(Provided data)

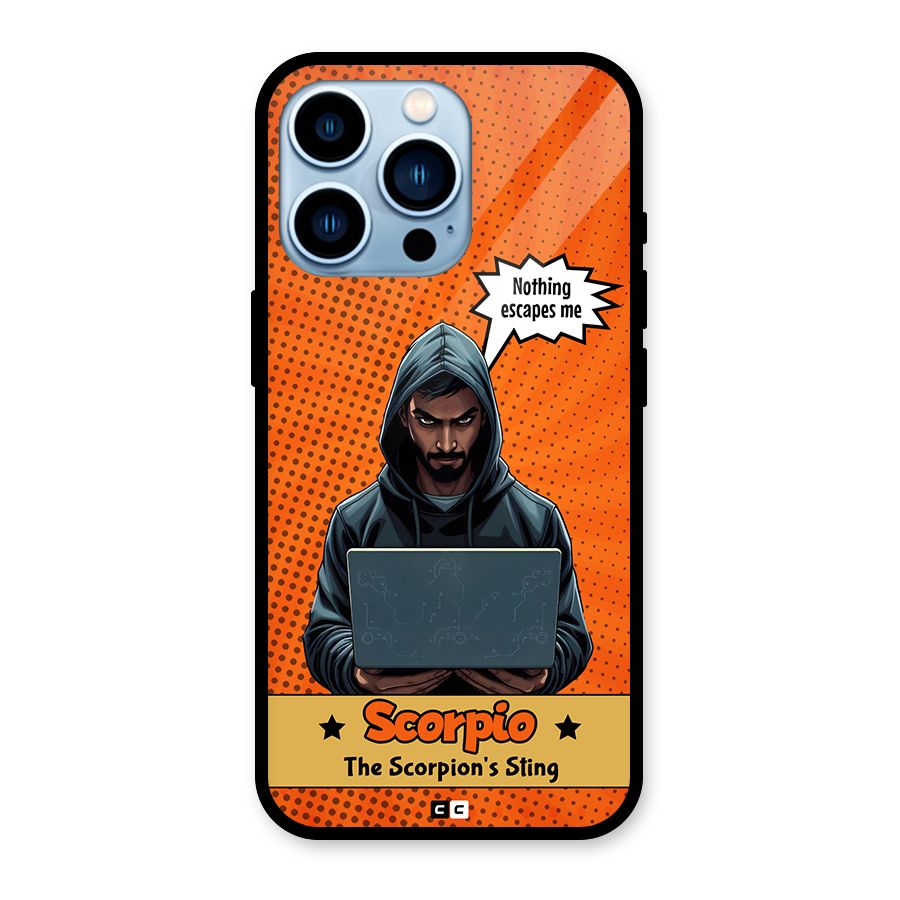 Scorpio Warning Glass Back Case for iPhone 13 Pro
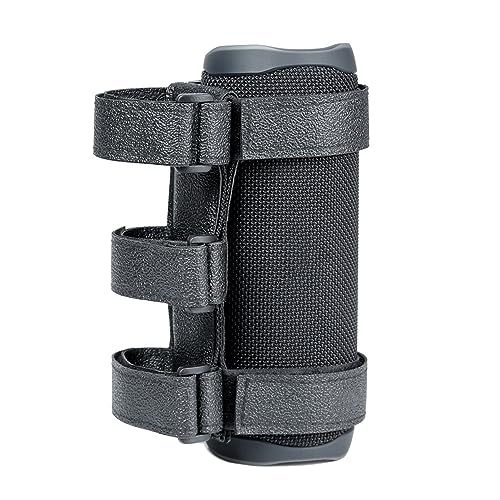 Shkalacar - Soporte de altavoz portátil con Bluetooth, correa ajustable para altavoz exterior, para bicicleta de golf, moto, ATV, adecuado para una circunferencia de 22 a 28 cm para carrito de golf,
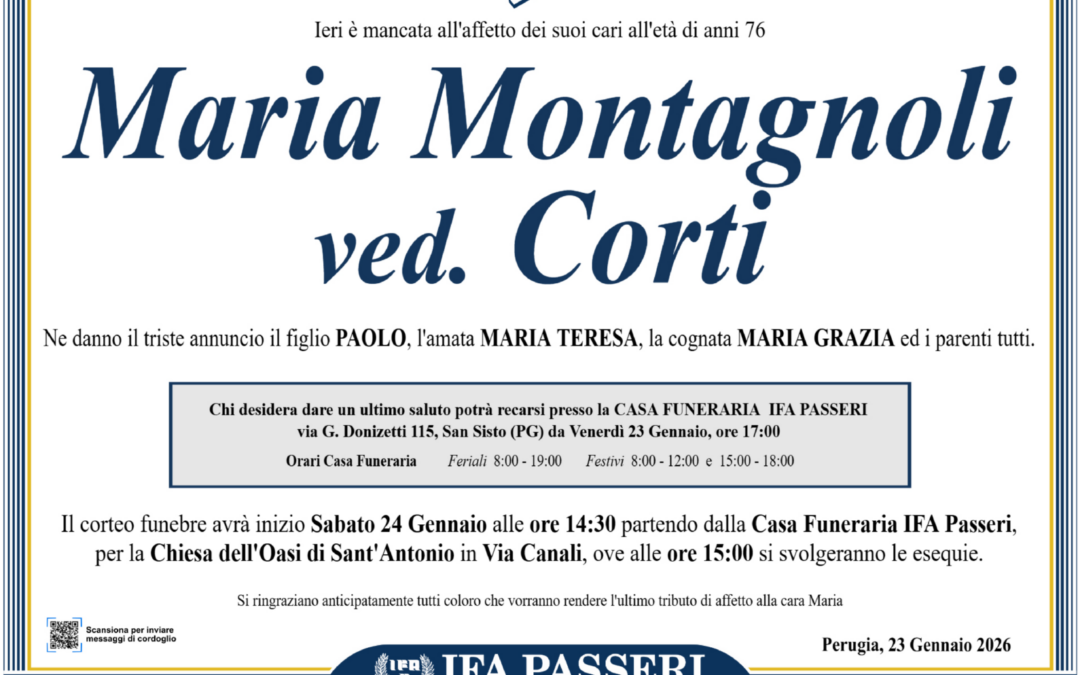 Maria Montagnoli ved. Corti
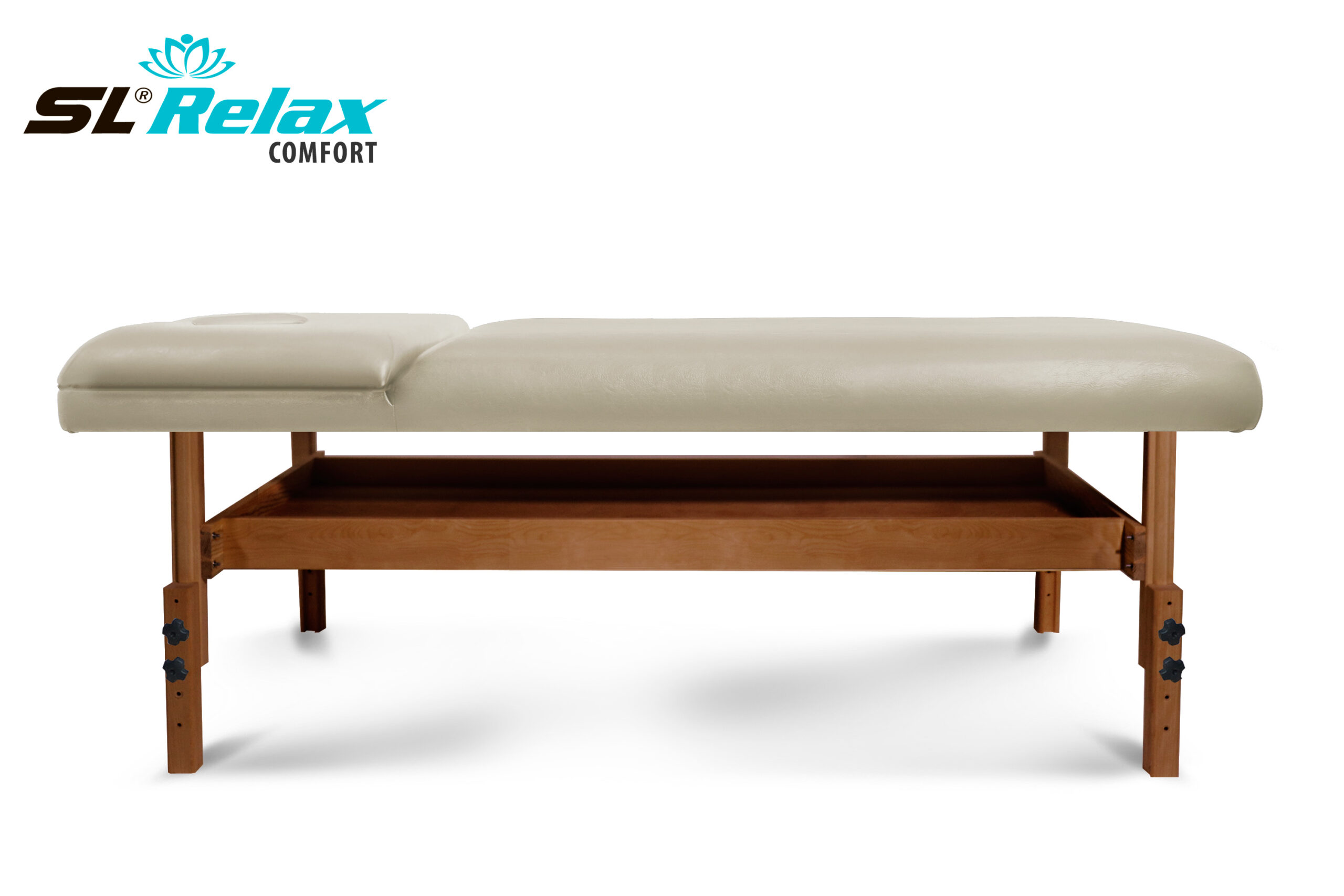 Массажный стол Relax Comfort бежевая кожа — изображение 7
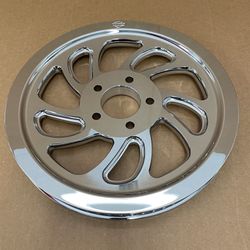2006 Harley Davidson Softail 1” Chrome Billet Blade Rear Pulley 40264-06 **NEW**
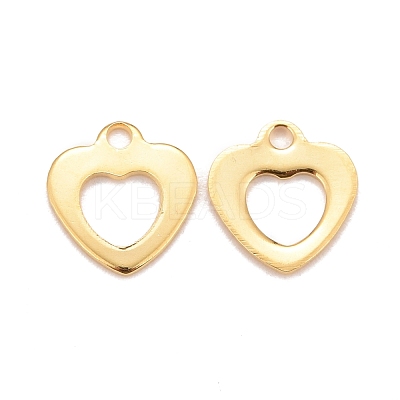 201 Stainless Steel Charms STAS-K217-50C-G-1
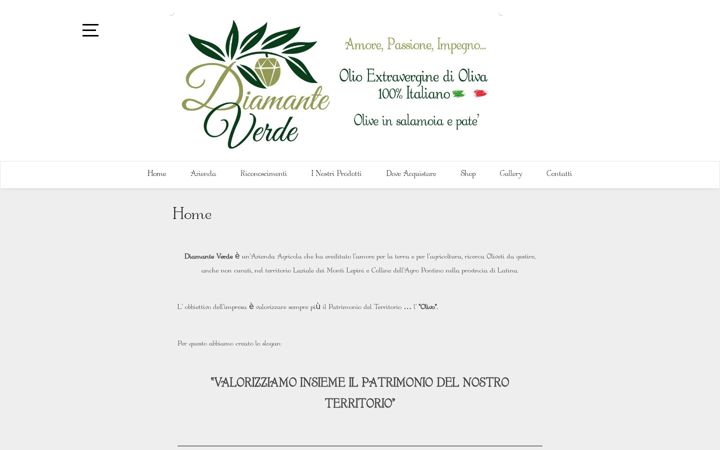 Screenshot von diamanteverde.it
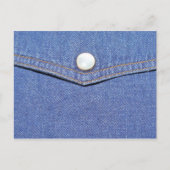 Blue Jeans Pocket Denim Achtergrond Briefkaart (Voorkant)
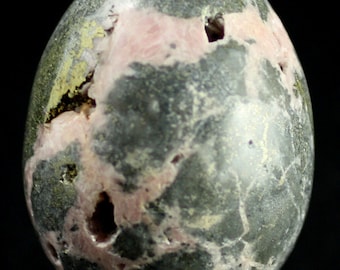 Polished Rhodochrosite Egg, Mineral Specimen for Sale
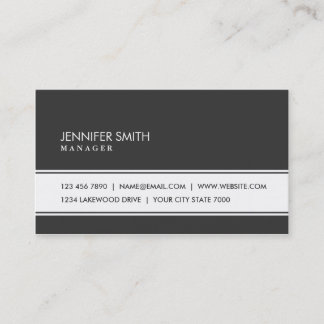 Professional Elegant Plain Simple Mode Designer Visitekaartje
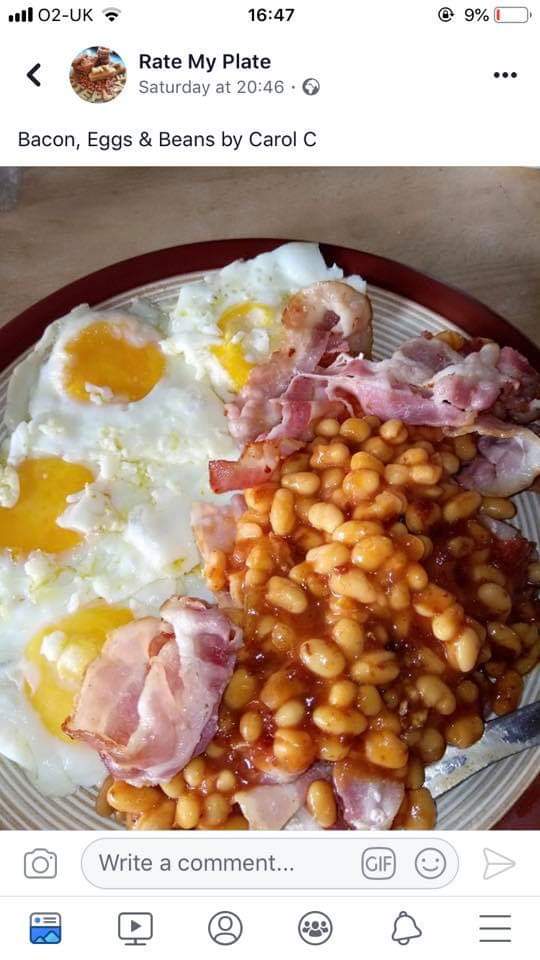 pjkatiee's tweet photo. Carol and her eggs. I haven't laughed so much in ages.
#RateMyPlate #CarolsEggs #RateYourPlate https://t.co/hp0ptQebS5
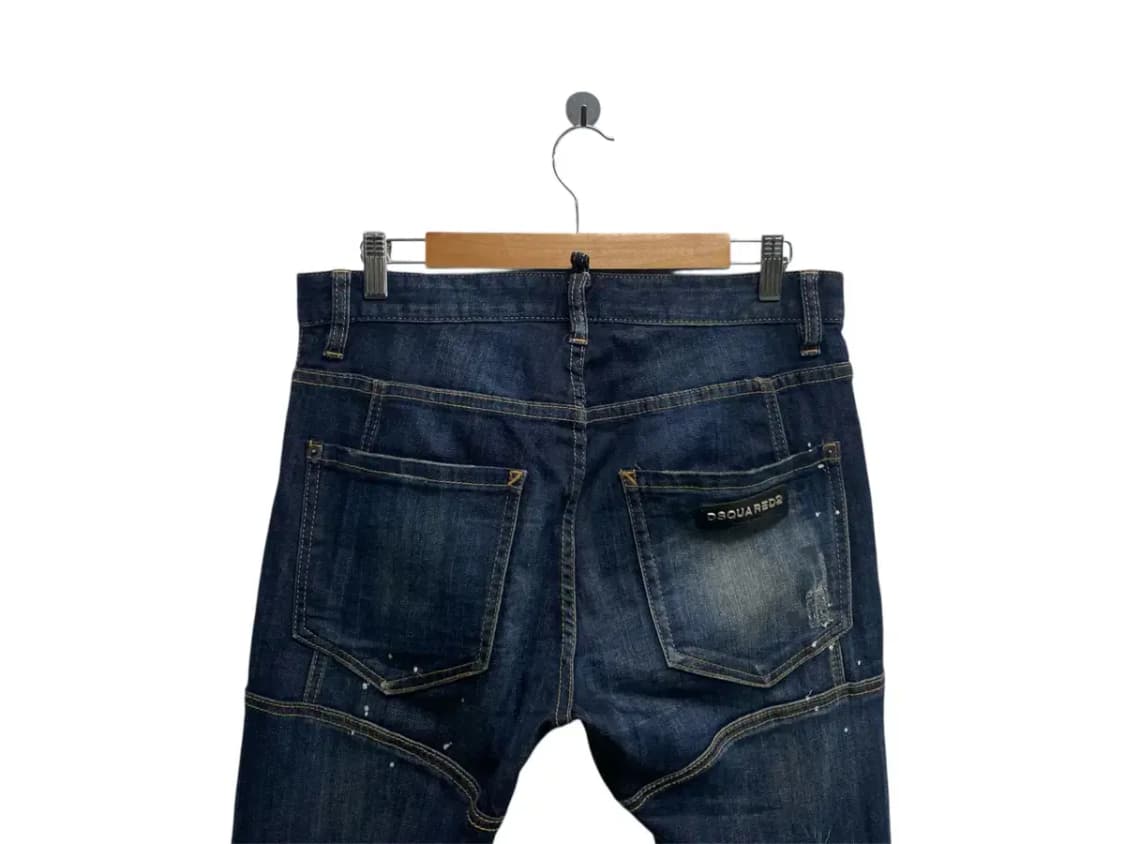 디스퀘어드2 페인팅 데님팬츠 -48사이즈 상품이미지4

(End Provided data)

-- What the task requires --
With the pictures excluded, restate the material exactly as it stands.

-- Result --
 Scorpio Warning Glass Back Case for iPhone 13 Pro
 Shkalacar - Soporte de altavoz portátil con Bluetooth, correa ajustable para altavoz exterior, para bicicleta de golf, moto, ATV, adecuado para una circunferencia de 22 a 28 cm para carrito de golf,
 Maria Montagnoli ved. Corti
 Массажный стол Relax Comfort бежевая кожа — изображение 7
2006 Harley Davidson Softail 1” Chrome Billet Blade Rear Pulley 40264-06 **NEW**
 201 Stainless Steel Charms STAS-K217-50C-G-1
 Screenshot von diamanteverde.it
 Blue Jeans Pocket Denim Achtergrond Briefkaart (Voorkant)
 Polished Rhodochrosite Egg, Mineral Specimen for Sale
 Professional Elegant Plain Simple Mode Designer Visitekaartje
 pjkatiee's tweet photo. Carol and her eggs. I haven't laughed so much in ages.
#RateMyPlate #CarolsEggs #RateYourPlate https://t.co/hp0ptQebS5
 디스퀘어드2 페인팅 데님팬츠 -48사이즈 상품이미지4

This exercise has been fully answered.